In 1922, the American Federation of Labor began discussions regarding owning and operating its own radio station. By 1925, the AFL decided not to enter the broadcasting business but to purchase time for organized labor's message on commercially operated radio. The dream stayed alive with the Chicago Federation of Labor, who believed having an owned and operated radio station would be an effective way to spread its message. In 1924, the Federation gave its approval to work toward establishing a radio station.[3] The original plan for WCFL called for it to be a non-commercial station, operating on the support of its listeners; in a sense it was one of the first large-scale efforts at public radio.[4] Spearheading the drive to make WCFL a reality was the Federation's Secretary, Edward Nockels;[5] without his efforts, there would have been no radio station at all.[3] [6]
WCFL officially began on December 4, 1925; the Federation's hopes were temporarily dashed when the US Department of Commerce (there was no Federal Communications Commission until 1934 and no Federal Radio Commission which preceded it until 1927) refused to grant WCFL a wavelength on January 13, 1926. Just five days after what could have become an end to the station, the Federation announced it would go ahead with building it anyway.[7] [8] [9] The first WCFL transmitter stood on Chicago's Navy Pier (then called Municipal Pier); the Federation was able to lease the pier's North Tower for 10 years at $1 per year and its willingness to make WCFL available for city broadcasts. Initially the Illinois Manufacturers' Association attempted to keep WCFL off the air by protesting the use of public property for the station's transmitter and broadcasting site.[8] The station purchased the land in Downers Grove where the current transmitter operates in 1928 and broke ground there in 1932.[10] The Federation originally purchased 100acres of land in the western suburb; 20 of them were allotted for the WCFL transmitter, while the other 80 were subdivided as lots for 258 homes and 72 businesses in "WCFL Park". Nockels believed having a union-based community spring up around the WCFL transmitter would be beneficial to both those purchasing lots and building homes and to the station itself. The labor union entered the real estate business shortly before the Great Depression hit. After selling no lots in the early part of the 1930s, the Federation put WCFL Park on hold, reviving it again in 1939 with the building of a model home on one of the lots, all of which would eventually be divested.

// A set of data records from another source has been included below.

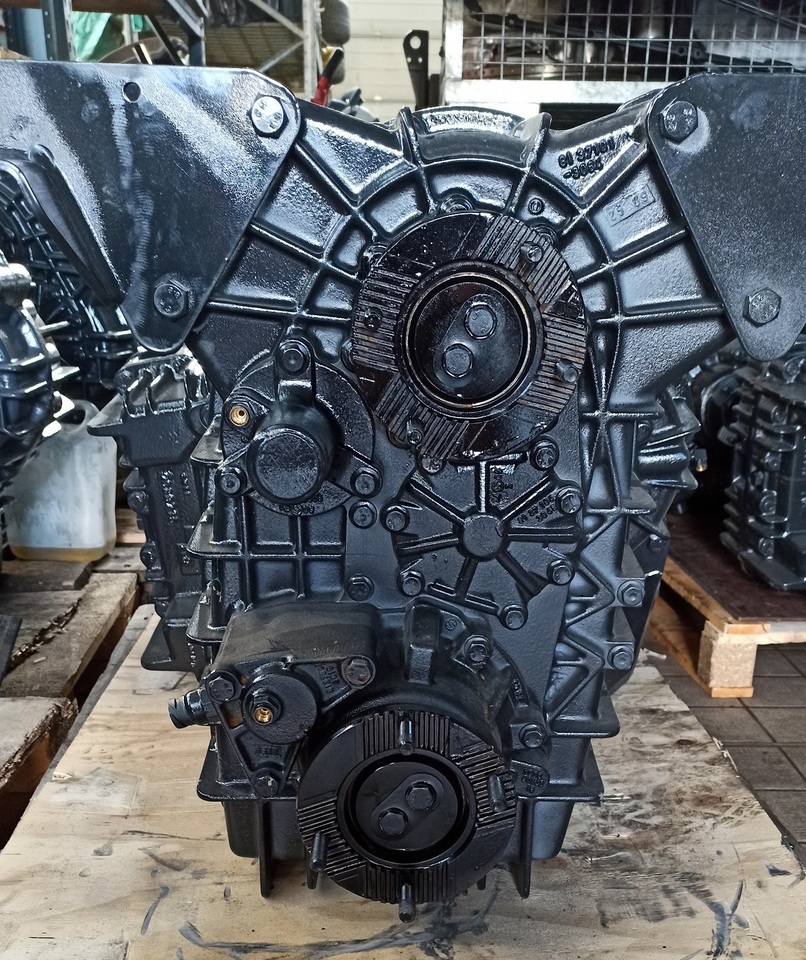MAN TGM L2000 G102 G 102 4X4 - Transmission za Tovornjak: slika 1 MAN TGM L2000 G102 G 102 4X4 - Transmission za Tovornjak: slika 1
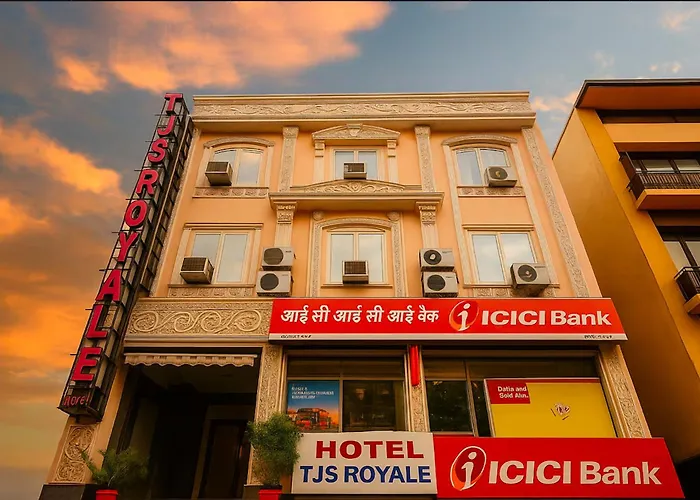 Hotel Tjs Royale, Karol Bagh, Budget Friendly,Great Location,Value Stay New Delhi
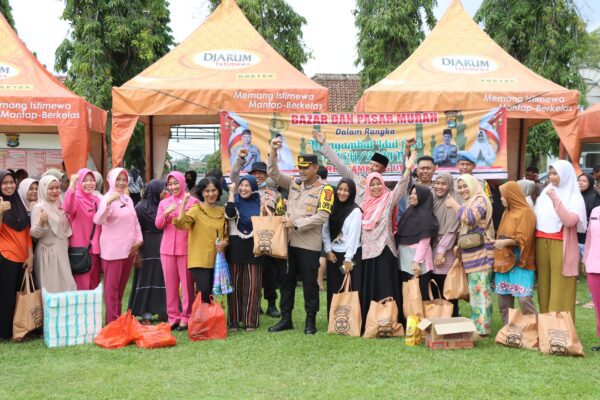 Sambut Idul Fitri 1445 H, Polres Lampung Utara Gelar Pasar Murah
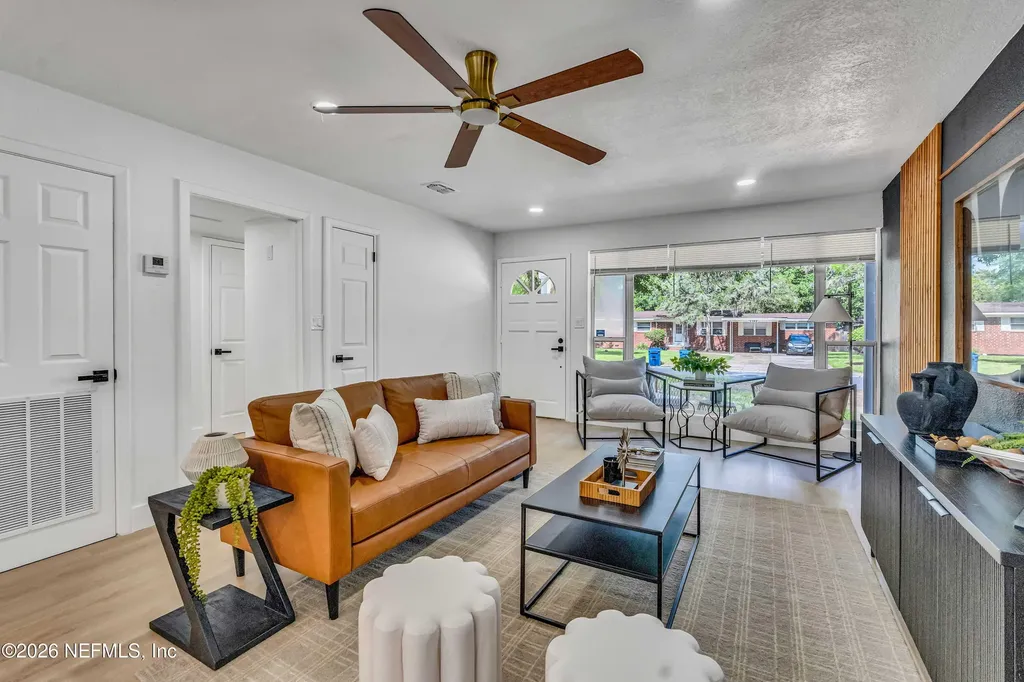 2351 Caladium Road Jacksonville FL 32211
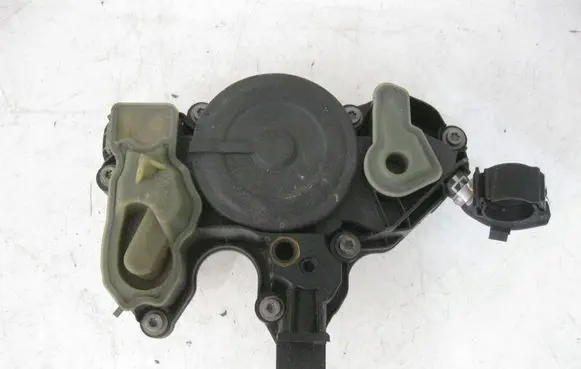Volkswagen Golf VII Oil breather separator 06K103495AG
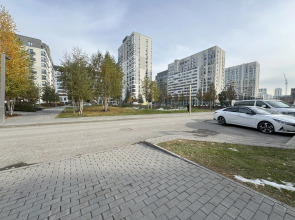 Апартаменты Четырехместная дизайнерская квартира в ЖК "Новин"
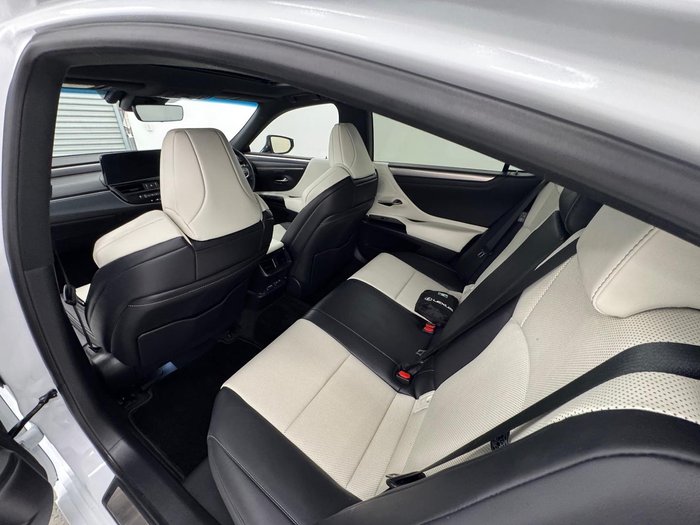 2022 Lexus ES 300h F Sport AXZH10R White Nova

AM 1000 began operation as WCFL in test broadcasts on June 19, 1926; the Commerce Department granted it call letters on July 10, 1926. It was officially on the air the next day on 610 kc. with 1,000 watts of power, one of the last non-profit radio stations to take to the airwaves.[3] [8] The first broadcast consisted of two hours of music.[11] In November 1926, with an eye toward being self-sustaining, the Federation added a shortwave station to the Navy Pier transmitter site, planning to use WCFL Radio Telegraph to help offset broadcasting costs. The station initially used studios at Navy Pier, but during the winter of 1926–1927 found that the weather often made them inaccessible. By 1927, WCFL was broadcasting from 623 South Wabash in Chicago (today the home of Columbia College, Chicago,[8] [12]) producing a quarterly radio magazine, and operating on 620 kHz; the frequency being shared with the Lane Tech High School radio station, WLTS.[8] [9] In 1928, WCFL applied to the Federal Radio Commission for an increase in its transmitter power and hours of operation.[13] Several other radio stations were now also operating on the 620 kHz frequency along with WCFL and the Lane Tech station.[3] The commission disagreed with the reasoning that such increases were necessary to serve union members.[14] Further, it cut the operating power of WCFL to only 1,500 watts. General Order 40 brought WCFL to the 970 kc. frequency, shared with KJR in Seattle, still at 1,500 watts and now allowed to operate in daylight only. The Federal Radio Commission had labeled the station as a "propaganda" type, not truly worthy of a license. The FRC would grant WCFL a 5,000-watt license in 1932,[15] but it would take some years of expensive discussions to attain clear-channel, 50,000-watt status.[3] [16]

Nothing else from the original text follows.